AMANDA’S TOP TEN TIPS FOR SPECIAL EFFECTS
• Using any of the four special effect techniques discussed here requires practice and experimentation, although watercolour always offers us the miraculous opportunity of happy accidents.
• The techniques can be used as a total feature or simply an interesting addition or highlight to your painting.
• Explore the work of other artists and really look at how they have used their colours, brushstrokes, subject matter, glazes, washes, tones, light, whites, mood, subtlety and atmosphere.
• You will be inclined to favour your own style and this can range from being very tight and illustrative, to loose and impressionistic or random and abstract.
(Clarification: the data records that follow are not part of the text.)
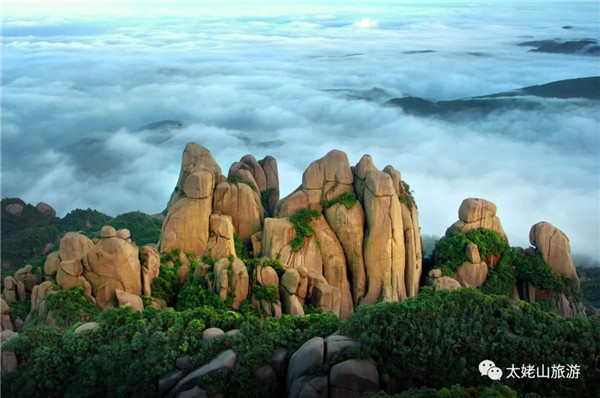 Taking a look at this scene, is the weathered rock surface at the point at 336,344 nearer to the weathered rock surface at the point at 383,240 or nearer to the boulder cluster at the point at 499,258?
the weathered rock surface at the point at 383,240

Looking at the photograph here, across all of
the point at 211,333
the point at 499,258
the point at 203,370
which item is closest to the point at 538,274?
the point at 499,258

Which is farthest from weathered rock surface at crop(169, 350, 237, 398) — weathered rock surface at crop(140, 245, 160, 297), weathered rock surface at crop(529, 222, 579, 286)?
weathered rock surface at crop(529, 222, 579, 286)

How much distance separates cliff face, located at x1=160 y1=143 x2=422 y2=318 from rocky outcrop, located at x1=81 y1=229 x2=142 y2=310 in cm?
327

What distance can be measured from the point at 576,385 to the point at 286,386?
6839mm

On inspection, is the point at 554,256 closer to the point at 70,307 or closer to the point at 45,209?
the point at 70,307

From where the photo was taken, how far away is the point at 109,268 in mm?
A: 20938

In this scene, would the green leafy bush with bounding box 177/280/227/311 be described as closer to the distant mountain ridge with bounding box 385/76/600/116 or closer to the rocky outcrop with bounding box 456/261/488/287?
the rocky outcrop with bounding box 456/261/488/287

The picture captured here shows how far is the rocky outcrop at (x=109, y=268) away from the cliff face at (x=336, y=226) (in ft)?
10.7

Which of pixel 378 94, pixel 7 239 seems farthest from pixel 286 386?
pixel 378 94

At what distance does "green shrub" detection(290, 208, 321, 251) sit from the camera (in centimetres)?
2384

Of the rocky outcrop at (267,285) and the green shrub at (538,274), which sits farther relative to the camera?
the green shrub at (538,274)

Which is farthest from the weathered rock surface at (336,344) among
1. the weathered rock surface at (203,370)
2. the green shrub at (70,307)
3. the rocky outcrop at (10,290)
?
the rocky outcrop at (10,290)

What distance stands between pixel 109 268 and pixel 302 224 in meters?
7.06

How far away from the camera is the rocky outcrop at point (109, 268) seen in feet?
68.5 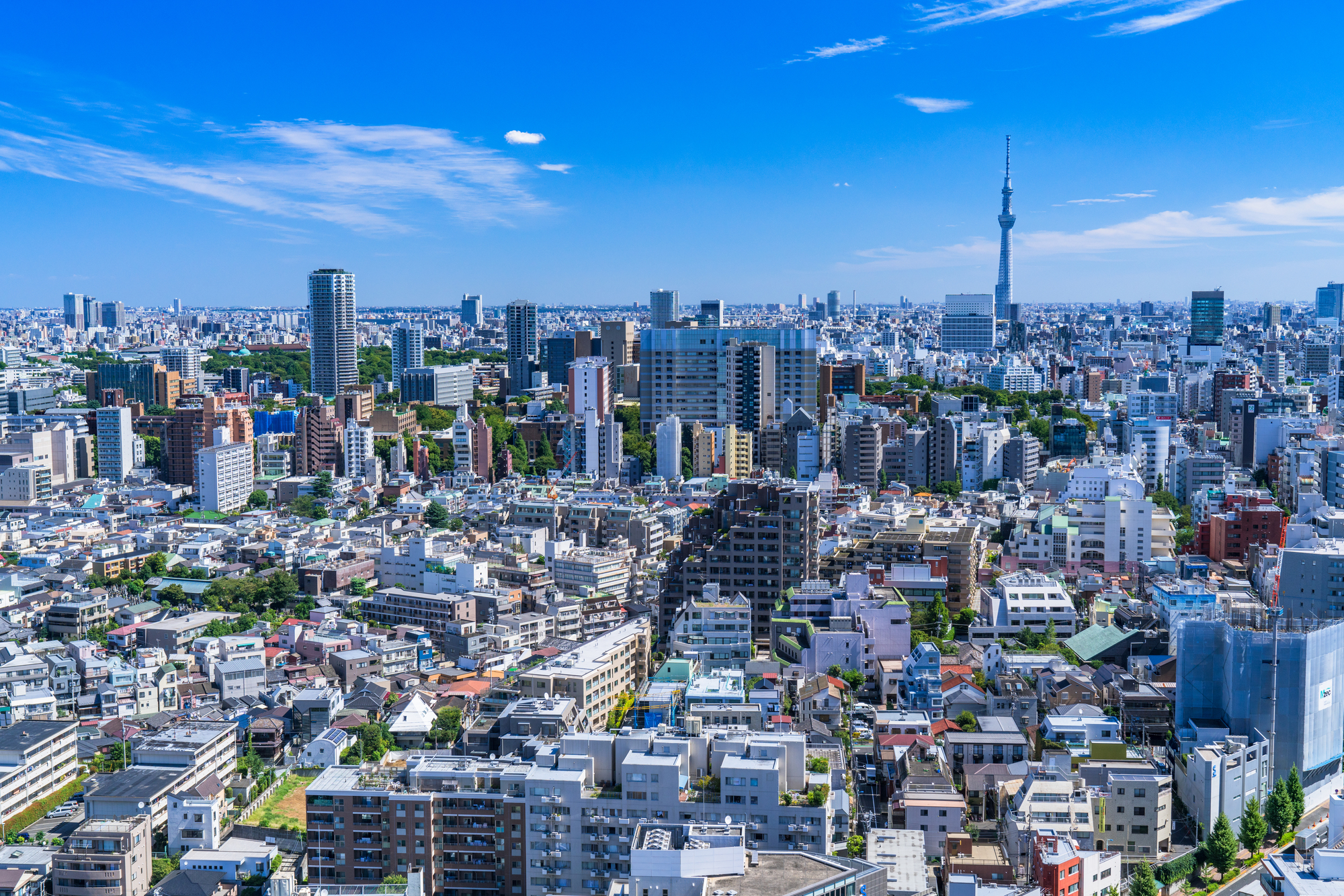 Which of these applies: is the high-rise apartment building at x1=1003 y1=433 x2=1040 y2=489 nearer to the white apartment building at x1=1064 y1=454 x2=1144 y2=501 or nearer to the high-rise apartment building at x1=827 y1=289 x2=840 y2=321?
the white apartment building at x1=1064 y1=454 x2=1144 y2=501

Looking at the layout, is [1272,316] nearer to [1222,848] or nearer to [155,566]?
[155,566]

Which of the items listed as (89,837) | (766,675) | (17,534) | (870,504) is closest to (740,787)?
(766,675)

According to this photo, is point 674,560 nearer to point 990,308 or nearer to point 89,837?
point 89,837

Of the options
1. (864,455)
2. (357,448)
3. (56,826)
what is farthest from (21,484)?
(56,826)

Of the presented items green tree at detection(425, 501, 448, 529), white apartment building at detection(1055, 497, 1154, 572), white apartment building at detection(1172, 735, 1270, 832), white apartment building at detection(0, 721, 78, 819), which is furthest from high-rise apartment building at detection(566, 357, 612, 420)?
white apartment building at detection(1172, 735, 1270, 832)

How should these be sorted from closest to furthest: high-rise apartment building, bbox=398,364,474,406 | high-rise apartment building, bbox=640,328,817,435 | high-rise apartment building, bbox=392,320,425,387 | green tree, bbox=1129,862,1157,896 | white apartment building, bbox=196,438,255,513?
green tree, bbox=1129,862,1157,896 < white apartment building, bbox=196,438,255,513 < high-rise apartment building, bbox=640,328,817,435 < high-rise apartment building, bbox=398,364,474,406 < high-rise apartment building, bbox=392,320,425,387

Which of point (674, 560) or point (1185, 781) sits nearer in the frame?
point (1185, 781) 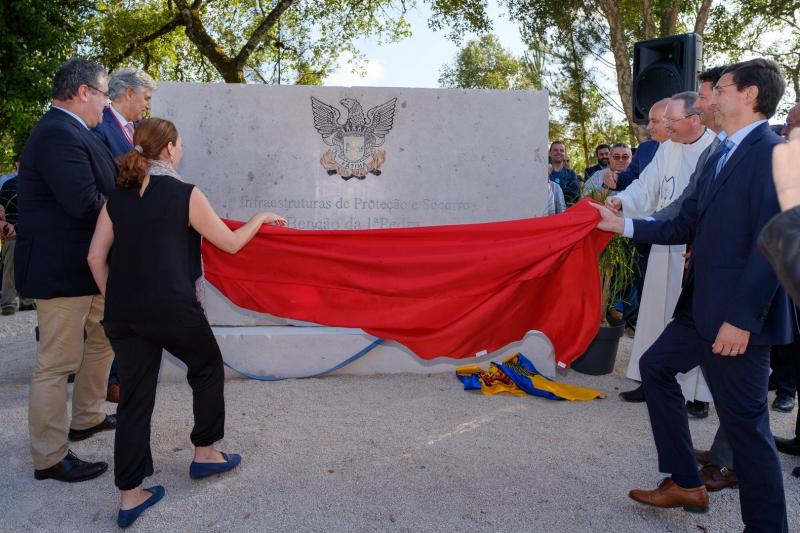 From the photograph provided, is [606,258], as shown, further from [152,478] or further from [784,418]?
[152,478]

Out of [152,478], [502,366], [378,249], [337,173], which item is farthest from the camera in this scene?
[337,173]

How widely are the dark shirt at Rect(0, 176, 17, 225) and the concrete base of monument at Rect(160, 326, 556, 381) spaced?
3868 millimetres

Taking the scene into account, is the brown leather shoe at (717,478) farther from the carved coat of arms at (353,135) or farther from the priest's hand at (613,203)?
the carved coat of arms at (353,135)

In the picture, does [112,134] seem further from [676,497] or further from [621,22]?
[621,22]

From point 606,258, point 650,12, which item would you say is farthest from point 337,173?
point 650,12

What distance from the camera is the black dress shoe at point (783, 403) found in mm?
4812

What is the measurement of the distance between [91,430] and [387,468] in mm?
1944

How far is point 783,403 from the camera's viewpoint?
15.9 ft

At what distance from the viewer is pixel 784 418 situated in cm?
468

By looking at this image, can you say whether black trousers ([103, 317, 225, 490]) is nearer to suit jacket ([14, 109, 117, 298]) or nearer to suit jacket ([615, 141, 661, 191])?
suit jacket ([14, 109, 117, 298])

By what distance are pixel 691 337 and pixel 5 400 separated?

• Within any of the above styles there still needs to be a level of competence, which comes with practice and experimentation.
• To move towards a more romantic or atmospheric painting, the special effects do not have to be as extreme as those shown in this article but they can be employed subtly when needed for a painting.
• An artist is constantly aiming to produce their best work. If you only paint owls, make sure it’s the best owl it can be by using a few special effects to create a more interesting painting – for example, sprinkle salt on the wings to make them look fluffy.
• Who can forget the famous painting at the V&A, A Bull in a Storm on a Moor by David Cox (1783–1859)? This painting has an enormous feeling of mood because the artist experimented with the alchemy of watercolour and what it could do.
• Experiment, experiment, experiment! Watercolour offers so much to be discovered and explored.
• Special effects can create special art.